C stands for controller that is the layer between the client and the service layer.
V stands for view. In the past, backend used to generate the UI for frontend as well. This layer was called the view. These days view is managed by frontend frameworks like React etc.
In a nutshell, MVC is just SRP for APIs.
Like we have SOLID/design patterns for structuring general code, MVC for building APIs, we have REST best practices for how APIs should be named.
All the APIs should be structured around the resource they are working with. The type of action an API is performing should not be a part of the API endpoint. For example, if we are creating a user, the API endpoint should not be /user/create. The type of action should be defined by the HTTP method type and not by the URL.
Every API is an action on one of the models.
The type of action should be specified by the method type and not by a verb in the URL.
The types of HTTP methods are
- GET - To fetch a resource from the server.
- POST - Create a resource in the server.
- PATCH - Partially update attributes of a resource on the server.
- PUT - Replace a resource on the server. This amounts to a complete update of the resource in the server.
- DELETE - To delete a resource from the server.
Resources are like folders. Think of every entity as an item in the folder. When we create a new user, we are adding a new item in the users folder. So the end point should be /users. When getting details of all/multiple users, then the end point should be /users. If we are getting a particular user, then the end point will be /users/1, where 1 is the user id.

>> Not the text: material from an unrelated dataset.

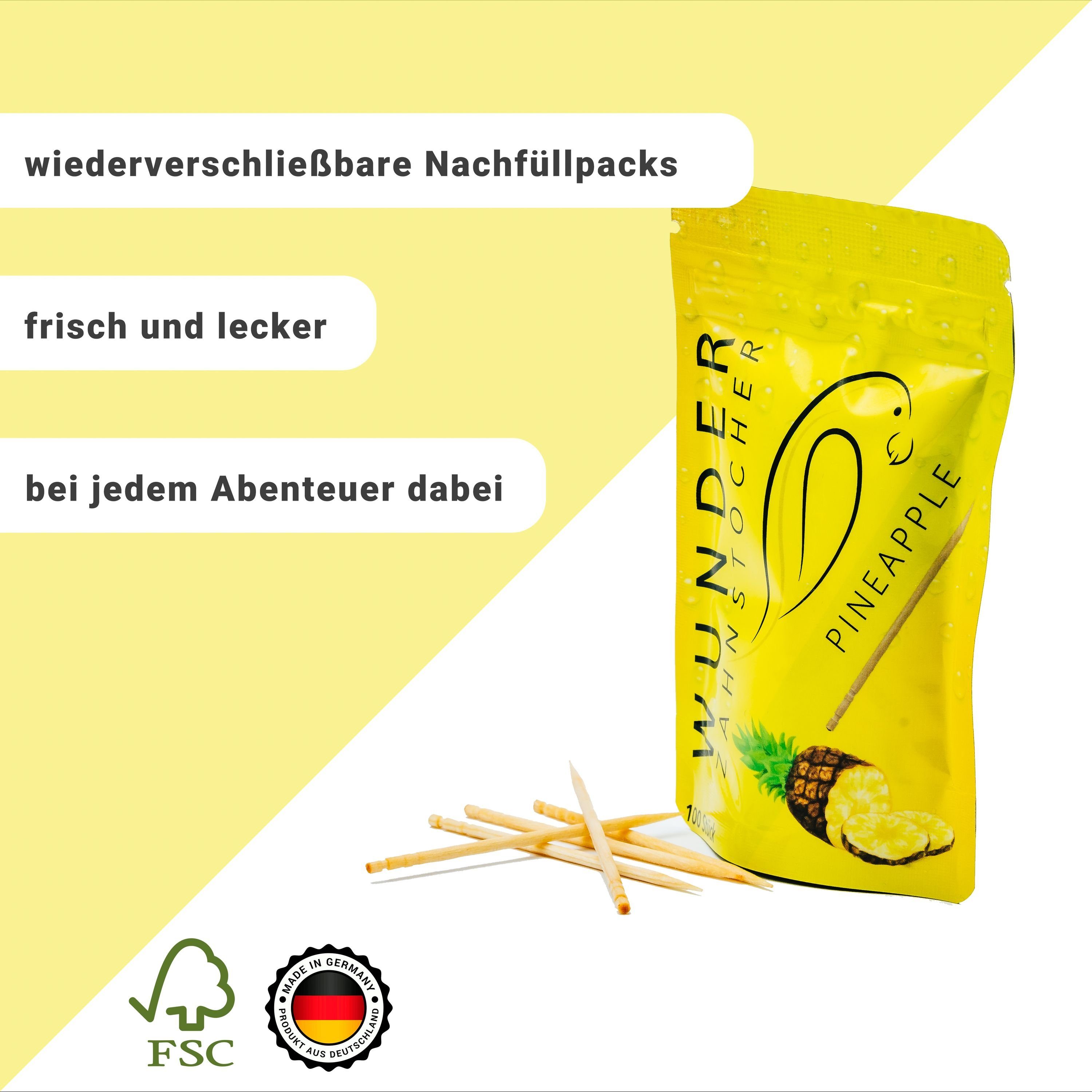 Perfekto24 Mundpflegecenter Wunder Zahnstocher mit Geschmack - 3er Bundle Ananas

REST APIs should be stateless. This means that a request should not be dependent on a previous request and that it should be self-sufficient. This is because a request from a user can go to any server in a distributed system. Maintaining the state for a user in a server and ensuring that all requests from a user go to the same server is impractical when the system is serving millions of users. Each HTTP request should contain all information that will help the server respond to the request.
There is no need to maintain a 1:1 mapping of API calls with database tables. A chatty API does not return all the relevant data in one go. In such cases, the client is forced to make multiple API calls to get the relevant information. When building an API, include all relevant information in the response to a request to that API so that the number of API calls can be kept to a minimum.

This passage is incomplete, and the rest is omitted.